Every line of the material below needs to be copied exactly; omit the pictures.

### Data

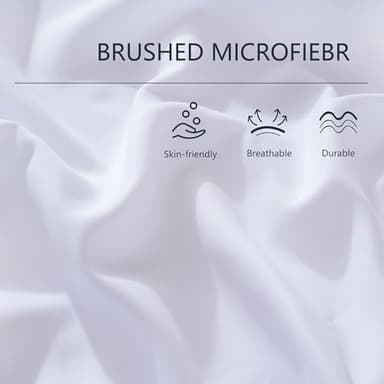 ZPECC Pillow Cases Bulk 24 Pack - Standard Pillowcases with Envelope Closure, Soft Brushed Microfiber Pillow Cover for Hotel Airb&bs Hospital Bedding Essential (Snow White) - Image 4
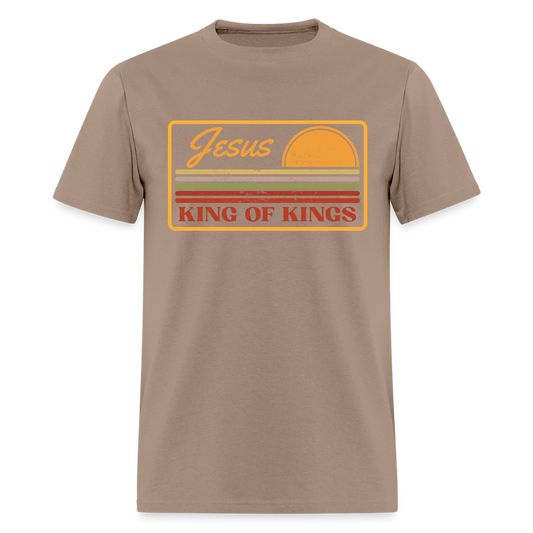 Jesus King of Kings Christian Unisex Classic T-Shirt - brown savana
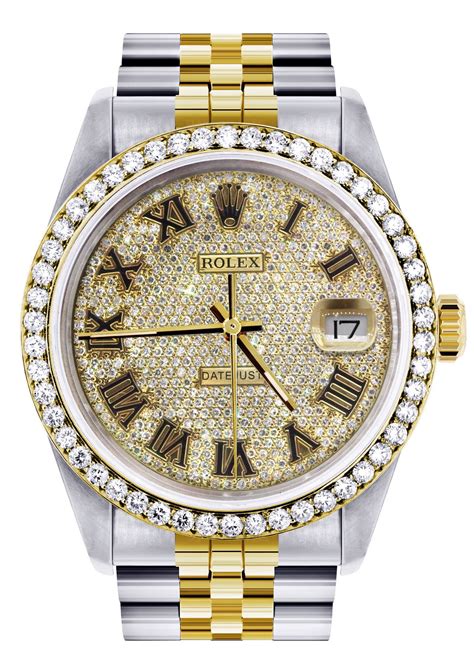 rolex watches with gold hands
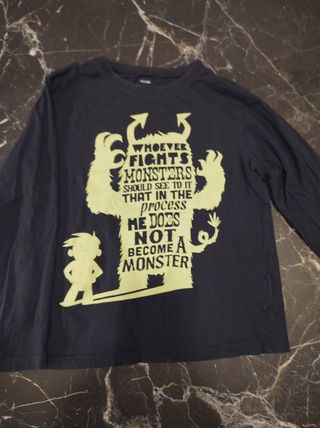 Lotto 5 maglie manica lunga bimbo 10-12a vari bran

######

Result for this task:
 ZPECC Pillow Cases Bulk 24 Pack - Standard Pillowcases with Envelope Closure, Soft Brushed Microfiber Pillow Cover for Hotel Airb&bs Hospital Bedding Essential (Snow White) - Image 4
 Jesus King of Kings Christian Unisex Classic T-Shirt - brown savana
 rolex watches with gold hands
 Lotto 5 maglie manica lunga bimbo 10-12a vari bran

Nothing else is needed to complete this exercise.